What you should do: For the data below, retype word for word the lines from the one containing "Group 01 // Zara Presentation // prof. Grilli" through the one containing "Truck Driver Dad Gift Women's Tank Top"; drop the pictures.

Information:

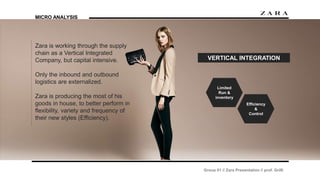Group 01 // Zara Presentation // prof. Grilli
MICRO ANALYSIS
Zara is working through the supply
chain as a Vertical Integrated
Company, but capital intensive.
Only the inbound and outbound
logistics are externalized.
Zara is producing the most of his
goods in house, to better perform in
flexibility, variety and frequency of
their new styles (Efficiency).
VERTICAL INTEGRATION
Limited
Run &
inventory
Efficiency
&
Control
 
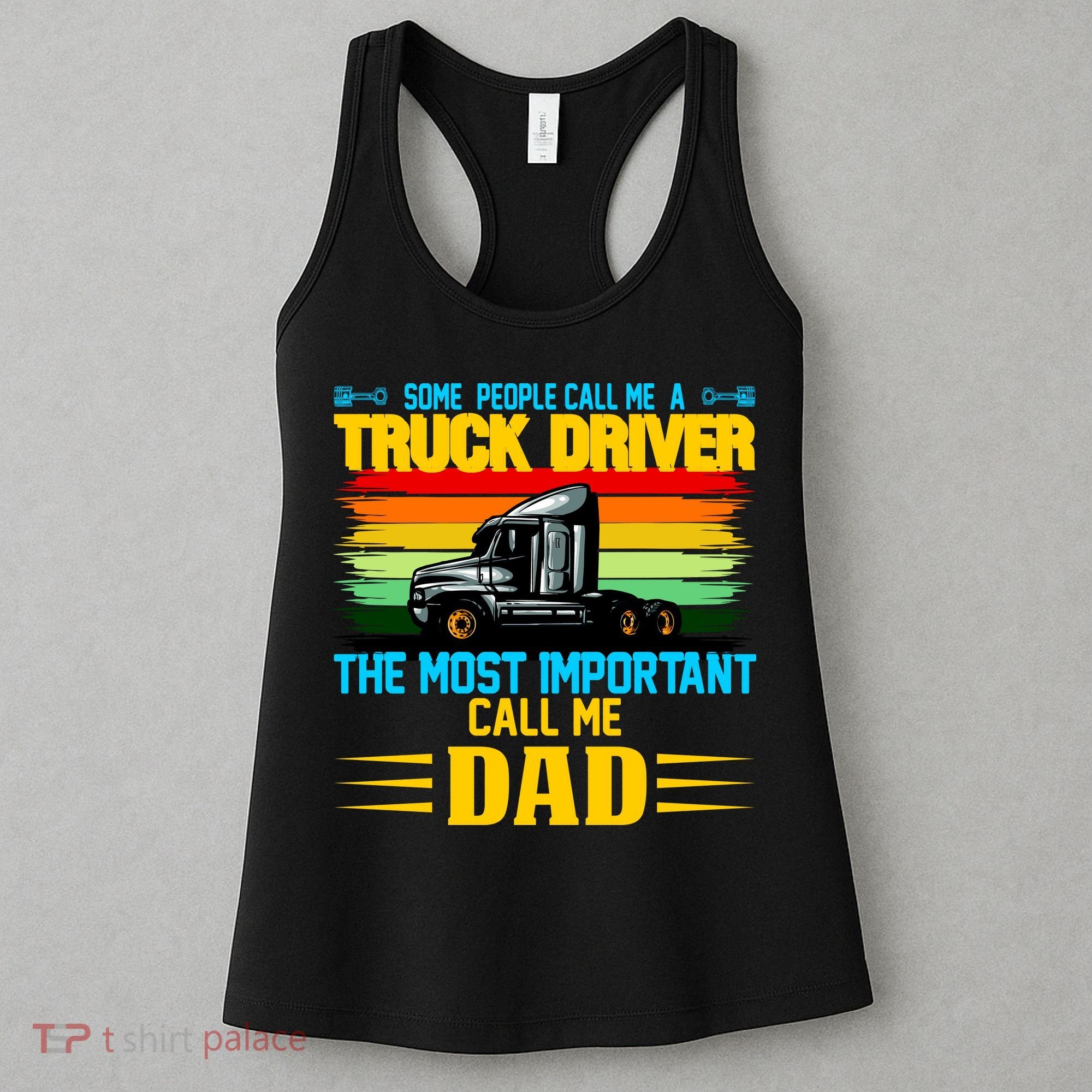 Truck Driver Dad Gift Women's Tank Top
---
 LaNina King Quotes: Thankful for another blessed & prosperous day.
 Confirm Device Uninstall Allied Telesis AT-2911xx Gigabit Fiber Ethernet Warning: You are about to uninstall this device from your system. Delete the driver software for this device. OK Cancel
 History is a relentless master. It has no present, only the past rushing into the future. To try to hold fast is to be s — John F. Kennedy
* * *
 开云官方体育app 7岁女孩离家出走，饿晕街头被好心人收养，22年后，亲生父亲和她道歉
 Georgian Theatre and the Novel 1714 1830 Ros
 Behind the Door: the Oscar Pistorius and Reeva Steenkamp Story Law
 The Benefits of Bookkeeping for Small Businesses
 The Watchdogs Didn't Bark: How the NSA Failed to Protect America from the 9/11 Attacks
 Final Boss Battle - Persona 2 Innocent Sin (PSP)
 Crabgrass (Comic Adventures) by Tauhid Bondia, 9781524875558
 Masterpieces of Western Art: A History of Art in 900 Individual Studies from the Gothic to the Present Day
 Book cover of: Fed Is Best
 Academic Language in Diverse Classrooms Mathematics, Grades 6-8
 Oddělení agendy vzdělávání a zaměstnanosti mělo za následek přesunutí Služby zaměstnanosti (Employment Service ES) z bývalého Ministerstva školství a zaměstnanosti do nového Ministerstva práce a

Task answer:
Group 01 // Zara Presentation // prof. Grilli
MICRO ANALYSIS
Zara is working through the supply
chain as a Vertical Integrated
Company, but capital intensive.
Only the inbound and outbound
logistics are externalized.
Zara is producing the most of his
goods in house, to better perform in
flexibility, variety and frequency of
their new styles (Efficiency).
VERTICAL INTEGRATION
Limited
Run &
inventory
Efficiency
&
Control
 
 Truck Driver Dad Gift Women's Tank Top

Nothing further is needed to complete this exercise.